A challenge in data integration occurs when two datasets due to privacy preservation cannot be linked directly. An example is in international trade where some of the export information is only known to the exporting country, whereas some of the corresponding import information is only known to the importing country. A linkage at micro level of the import and export information is needed, but a direct linkage cannot be done due to the need for privacy preservation. Privacy is preserved when linking the two datasets using a private set intersection protocol, and in this setting the article by Dasylva et al. (2025) proposes a method for estimating population parameters while considering the errors occurring from both false positive and false negative linkages.
The Italian Permanent census data is an administrative register suffering from both under- and over-coverage error. The article by Ballerini et al. (2025) considers one sample designed to assess the under-coverage of the administrative source, and another sample designed to assess the over-coverage. A Bayesian analysis is used to estimate the population counts taking into account the coverage error. The resulting count estimates can be calculated at a detailed level, and the method also provides uncertainty estimates.
The selection bias of a non-probability sample is usually unknown and difficult to estimate. In the article by Villalobos Aliste et al. (2025), a model for this selection bias is proposed. The model makes it possible to estimate the expected mean squared errors for an estimator based on the probability sample and an estimator based on the non-probability sample. These expected mean squared errors are then used to construct a composite estimator based on both samples. The paper applies this method to estimate domain proportions for categorical variables.
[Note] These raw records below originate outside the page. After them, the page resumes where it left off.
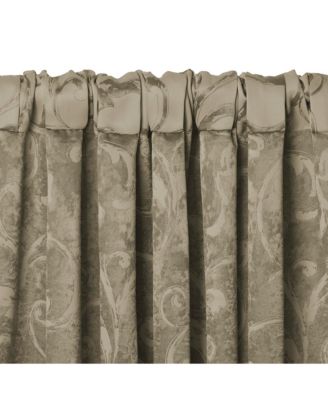 Mia Jacquard Scroll Blackout Window Curtain
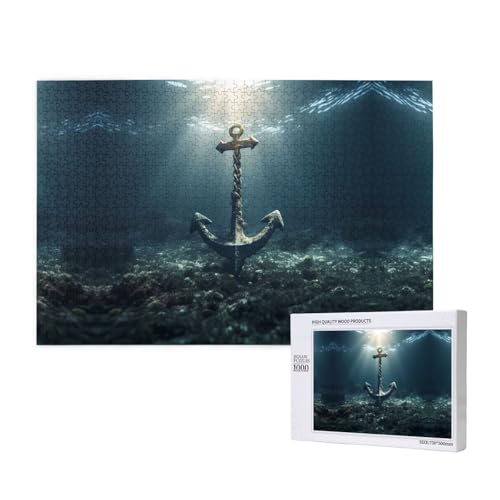 Poezjzw Anchors Puzzles für Erwachsene, 1000 Teile, Holzpuzzle für Familie, Freunde, Heimdekoration, Wandkunst, 75 x 50 cm von POEZJZW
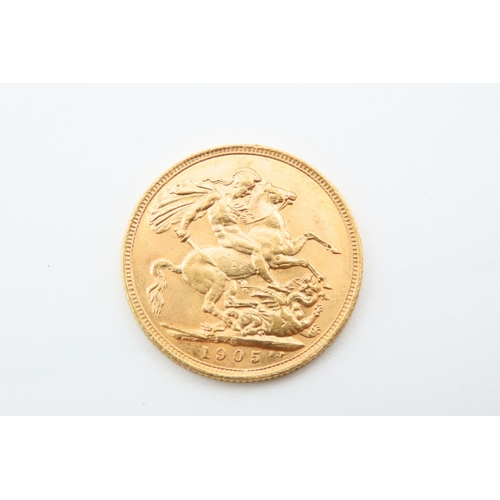 165 - Full Gold Sovereign Dated 1905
Sometimes a non-probability data set may be considered as random. Analysis of the assumptions may lead to the approximation of the non-probability data formation mechanism by pseudo-probabilistic sampling methods. Čiginas et al. (2025) study a non-probability sample approximated by the Poisson pseudo-sampling design. The total of the binary study variable in the non-probability sample is estimated using the inverse probability weighted (IPW) estimator with estimated propensity scores. It may be biased. Its variance is estimated taking into account randomness of the non-probability sample, by bootstrap and by other known variance estimators. If the study variable is available also in a probability sample, the total is estimated by the design-based estimator and finally the linear combination of both estimators is applied. This decreases the bias of the estimator of the total and stabilizes the variance estimator, becoming more robust to model miss-specification of the propensity scores.
Non-probability samples are often selective and unweighted estimators based on these samples are therefore often biased. A frequently used approach to correct for this selection bias is to determine pseudo-weights for the units of the non-probability sample and to use a weighted estimator to estimate parameters of interest, such as a population mean. Several methods to construct pseudo-weights have been proposed in the literature. In many of these methods, different models can be used, for example models for inclusion in the non-probability sample. In practice, it is very difficult to determine which method and which associated model(s) yield the best set of pseudo-weights. In the article by Liu et al. (2025), performance measures are proposed to determine the best (or at least a good) method and associated models for pseudo-weights.
Non-probability samples can often be obtained from commercial vendors. However, very little is known about the quality of these non-probability samples. The article by Murray-Watters et al. (2025) first investigates whether the quality of non-probability samples is consistent across sample vendors. This does not appear to be the case, which means that there is a risk that a purchased non-probability sample is of poor quality and estimates based on that sample are highly biased. This is an important issue for anyone considering purchasing a non-probability sample from a commercial vendor. To reduce the risk of highly biased estimates, the authors propose to average estimates based on non-probability samples from multiple vendors. They investigate several approaches for averaging estimates based on these samples. The proposed approaches were evaluated in a real-world application using one probability sample from the German Internet Panel and eight non-probability samples from different vendors.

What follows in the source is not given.